Ungeachtet der Vorwürfe wurde der Ex-Erzbischof wenige Wochen nach Bekanntwerden des Missbrauchs von der Bischofskonferenz erneut zum Vorsitzenden gewählt. Groer verzichtete allerdings - nicht zuletzt aufgrund des öffentlichen Drucks - auf das Amt.

200.000 Kirchenaustritte in fünf Jahren
Sein Fall hatte aber bereits eine Eigendynamik entwickelt, die nicht mehr aufzuhalten war. In den ersten fünf Jahren nach der Causa Groer kehrten knapp 200.000 Menschen der katholischen Kirche den Rücken.

Ein sofortiger Rücktritt war für Groer kein Thema. Der Vatikan stellte ihm Christoph Schönborn als Koadjutor zur Seite. Als Erzbischof hörte Groer im Herbst 1995 auf - allerdings aufgrund seines Alters. Bereits 1996 übernahm er wieder als Prior erneut ein offizielles kirchliches Amt. Nach neuen Missbrauchsvorwürfen, die sich auf einen früheren Zeitraum bezogen hatten, musste er letztlich doch zurücktreten.

"Angreifer angegriffen"
Schon damals kritisierten Experten wie der Pastoraltheologe Paul Zulehner, dass der Konflikt "durch Mauern" beantwortet würde und "Angreifer angegriffen" und zum "Therapiefall" gestempelt würden.

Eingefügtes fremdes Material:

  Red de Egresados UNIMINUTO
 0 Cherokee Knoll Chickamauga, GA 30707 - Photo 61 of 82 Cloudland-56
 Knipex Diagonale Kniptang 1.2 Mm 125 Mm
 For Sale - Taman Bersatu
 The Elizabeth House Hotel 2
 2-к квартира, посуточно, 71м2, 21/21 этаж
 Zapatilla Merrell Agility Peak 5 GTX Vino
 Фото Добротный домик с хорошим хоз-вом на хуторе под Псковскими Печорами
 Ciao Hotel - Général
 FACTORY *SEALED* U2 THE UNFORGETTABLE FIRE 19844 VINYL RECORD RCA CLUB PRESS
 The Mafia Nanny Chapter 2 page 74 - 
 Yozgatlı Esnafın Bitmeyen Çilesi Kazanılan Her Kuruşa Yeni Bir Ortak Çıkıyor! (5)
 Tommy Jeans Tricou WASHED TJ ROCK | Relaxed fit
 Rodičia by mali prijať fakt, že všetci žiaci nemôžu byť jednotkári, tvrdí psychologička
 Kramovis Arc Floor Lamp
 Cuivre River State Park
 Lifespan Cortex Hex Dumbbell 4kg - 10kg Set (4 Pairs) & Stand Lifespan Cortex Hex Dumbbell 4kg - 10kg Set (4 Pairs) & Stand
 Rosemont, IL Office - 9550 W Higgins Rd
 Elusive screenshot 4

Die Affäre Groer hatte nicht nur ein Steigen der Kirchenaustritte zur Folge, sondern auch Neuerungen in der Kirche. In allen Diözesen wurden Ombudsstellen für Opfer sexuellen Missbrauchs in der Kirche eingerichtet. In einem Kirchenvolksbegehren im Juni 1995 wurde die Zulassung von Frauen zu den Weiheämtern, die Aufhebung des Zölibats und mehr Mitsprache der Laien vor allem bei Bischofsernennungen gefordert.

Rascheres Handeln
Das Zölibat gibt es zwar bis heute und die Maßnahmen konnten auch die neue Skandalwelle nicht verhindern. Allerdings zwang die Causa Groer die Kirchenvertreter zu einem Umdenken, rascher zu handeln und klarere Worte zu finden.

Auch Schönborn zieht offenbar aus bisherigen Fehlern Konsequenzen: "Leider wurden in der Vergangenheit zu Unrecht in der Kirche die Täter oft mehr geschützt als die Opfer." Die Kirche solle sich nun "intensiv einbringen", um eine "Allianz gegen Gewalt und sexuellen Missbrauch" zu bilden.